Buck passt sich allem an
Der „Homo Sapiens" hat sich Schlittenhunde in jener Epoche zu reinen Lastenträgern in extremen arktischen Gebieten zu eigen gemacht, um sämtliche Güter, insbesondere die Post durch das unwegsame und gefahrvolle Terrain in der endlosen Yukon-Kältehölle zu transportieren. Denn Menschen und Pferde versanken im meterhohen Schnee, brachen sich die Gelenke oder wurden von heimtückischen Lawinenabgängen überrascht. Ganz zu schweigen vom gefürchteten Grizzly-Bären, der – mit einem Biss oder Prankenhieb – Köpfe rollen lassen kann.
Auch auf stark reißenden Gebirgsflüssen und steil abgehenden Wasserfällen eignen sich einzig und allein harte Hunde, im wahrsten Sinne des Wortes, für diese Aufgaben.
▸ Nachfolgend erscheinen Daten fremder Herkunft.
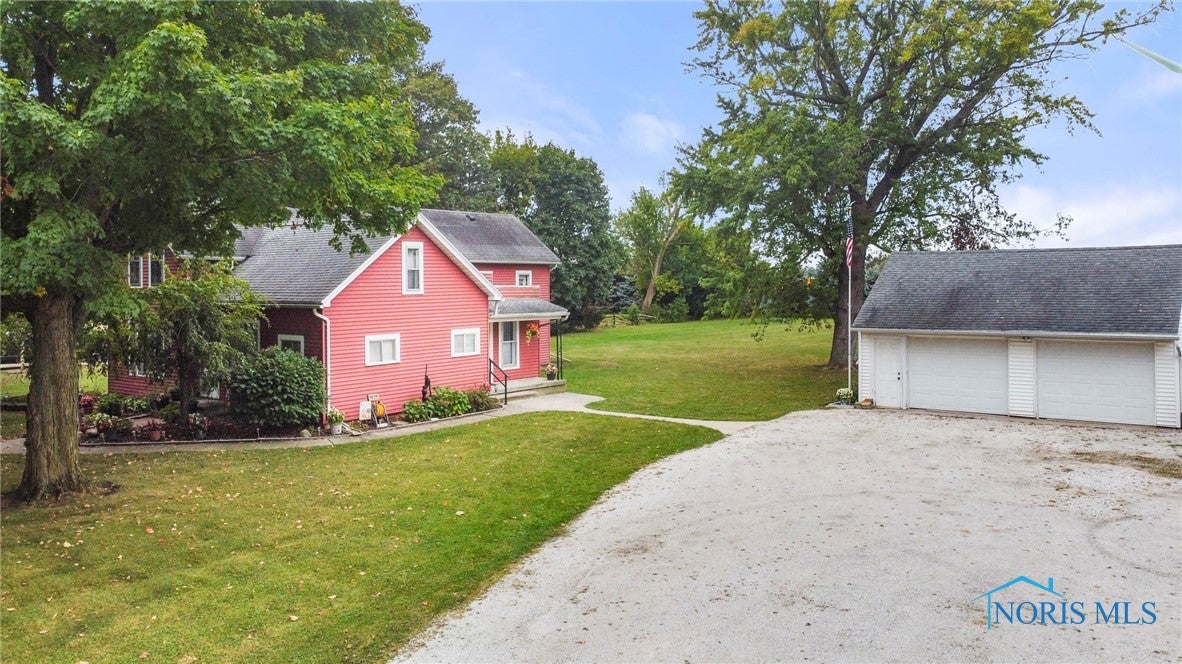 229 North Stadium Road Oregon, OH 43616 - Photo 3 of 38 Gallery Image 3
Dennoch kein Grund, einen Vierbeiner verkettet aus seiner gegenteiligen Lebens- und Erfahrungswelt durch die mörderischen Kältepanoramen zu jagen, zumal das Thermometer an das nördlich abgegrenzte Alaska auf bis zu minus 50 Grad Celsius fallen kann. „Er macht den Eindruck, als hätte er in seinem Leben noch nie eine einzige Schneeflocke gesehen", belächelt John seinen Freund und Vertrauten in einer Szene. Viel zu lachen haben sonst beide wenig, denn auf ihrem schockgefrorenen Endlostrip müssen beide um ihr fragiles Dasein tapferer kämpfen, als einst die römischen Gladiatoren unter Neros Despotie in der römischen Arena. Buck agiert dabei wie ein Chamäleon, der sich anpasst und allen Gefahren stellt, nicht nur gegen seine übermächtigen wölfischen Widersacher, sondern der sich in allen Situationen schützend vor sein Herrchen stellt.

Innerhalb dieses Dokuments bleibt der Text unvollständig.